Andreessen Horowitz’s latest investment, IFTTT, (for If This Then That) is out to change all that. IFTTT (rhymes with “gift”) is a simple yet powerful way to create connections between any two web applications, triggering an action on one every time any event you specify happens on another. For example, when I post on App.net, my post instantly appears on Twitter too, thanks to IFTTT. Every time I post a photo (or am tagged in one) on Facebook, IFTTT downloads it to my Dropbox without my even having to think about it. Here’s what that recipe looks like:

Facebook > Dropbox

Looking for a short-notice ski rental property in Tahoe used to mean checking Craigslist several times a day – this week I just had a simple IFTTT recipe call my cellphone the minute the one I wanted showed up.
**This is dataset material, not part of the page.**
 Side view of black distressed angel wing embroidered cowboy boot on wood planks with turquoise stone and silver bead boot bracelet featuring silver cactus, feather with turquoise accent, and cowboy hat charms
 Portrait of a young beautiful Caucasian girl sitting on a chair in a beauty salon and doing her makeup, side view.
I no longer check for new movies on Netflix – IFTTT does it on my behalf. While I go about my digital life, IFTTT is in the background, quietly watching out for me.
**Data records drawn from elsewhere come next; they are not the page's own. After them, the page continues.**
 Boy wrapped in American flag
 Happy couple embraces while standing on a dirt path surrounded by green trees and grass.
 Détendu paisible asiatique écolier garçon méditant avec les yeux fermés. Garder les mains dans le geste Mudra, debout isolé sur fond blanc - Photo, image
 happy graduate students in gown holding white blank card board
Like all of a16z’s investments, this one starts with a compelling founder. Linden Tibbets, IFTTT’s co-founder and CEO, started working on IFTTT from his San Francisco apartment in 2010, after three years at design firm IDEO. Struck by how instinctively we know how to use physical objects in creative ways, he set out to enable us to be just as creative with the applications we use in the digital world. To quote Linden, “Much like in the physical world when a 12 year old wants a light-saber, cuts the handle off an old broom and shoves a bike grip on the other end, you can take two things in the digital world and combine them in ways the original creators never imagined.”

“Digital duct tape”

What resulted is IFTTT— described by a recent interviewer as “an idea so alarmingly simple and amazingly powerful… it makes you wonder why nobody thought of it before.” True to Linden’s design roots, IFTTT is visually appealing, approachable and easy to use. In Linden’s words, “IFTTT isn’t a programming language or app building tool, but rather a much simpler solution. Digital duct tape if you will, allowing you to connect any two services together. You can leave the hard work of creating the individual tools to the engineers and designers.”
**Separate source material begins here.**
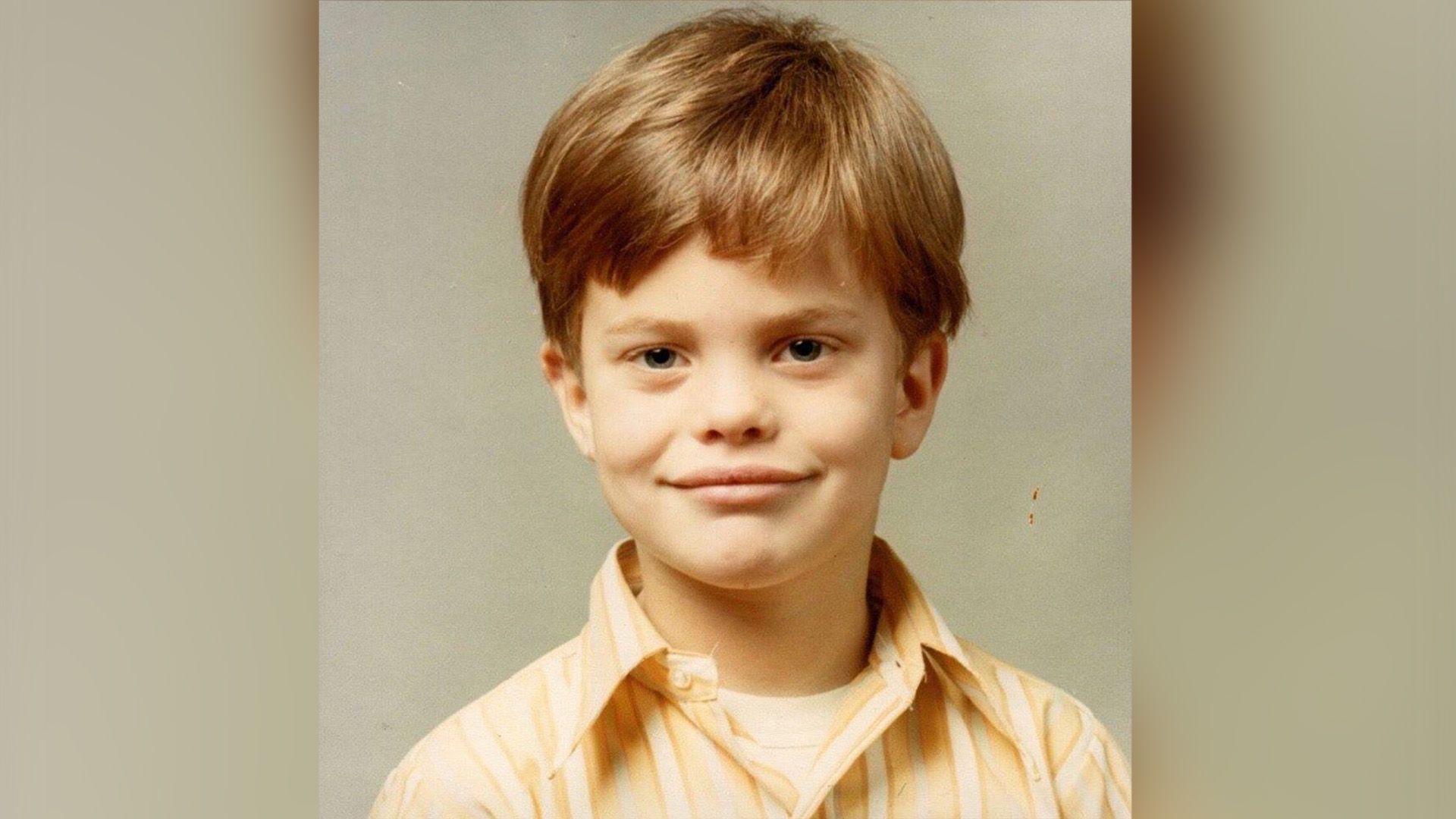 Rainn Wilson jako dziecko w pasiastej koszulce na beżowym tle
IFTTT allows people to create “recipes” that connect “channels” (e.g., Instagram, Dropbox, Twitter and 56 other apps) so that “ingredients” on one (e.g., an item with the description “dog painting” appears on Etsy) become a “trigger” for an “action” on the other (e.g. “Add a new line to my Dog Paintings spreadsheet on Google Docs ”).  A glance at some of IFTTT’s channels:

IFTTT Channels

With virtually no promotion, IFTTT has nevertheless achieved remarkable traction since its beta launch two years ago. Its mission statement is to “enable everyone to take creative control over the flow of information.”  People have created over 2 million individual “recipes” to connect their favorite websites and apps in ways that meet their own unique needs. There are tens of thousands of shared recipes for common use cases. Three million recipes are executed every day, addressing individual interests as varied as “Text me if Apple stock drops below $500” and “Post my App.net posts tagged #a16z to Yammer.

Looking ahead

Although Linden and his tiny team of seven have achieved an amazing amount already, the best is yet to come. With Andreessen Horowitz’s investment, 2013 will bring more and simpler recipes and exciting mobile apps. A new developer platform will enable application developers to create services that connect their application to others in new and powerful ways, opening up new functionality to users with virtually no diversion of internal engineering resources. Perhaps most exciting of all is the role IFTTT can play in the emerging Internet of Things. As everyday objects from fridges to shoes to weighing scales become equipped with communicating smart sensors, individuals’ need to create useful connections and information flows between them will far outstrip their developers’ capacity to build them. I don’t know exactly when my fridge will be capable of knowing I’m running low on milk and contacting Safeway to order more, but there’s a pretty good chance an IFTTT recipe will be involved when it happens.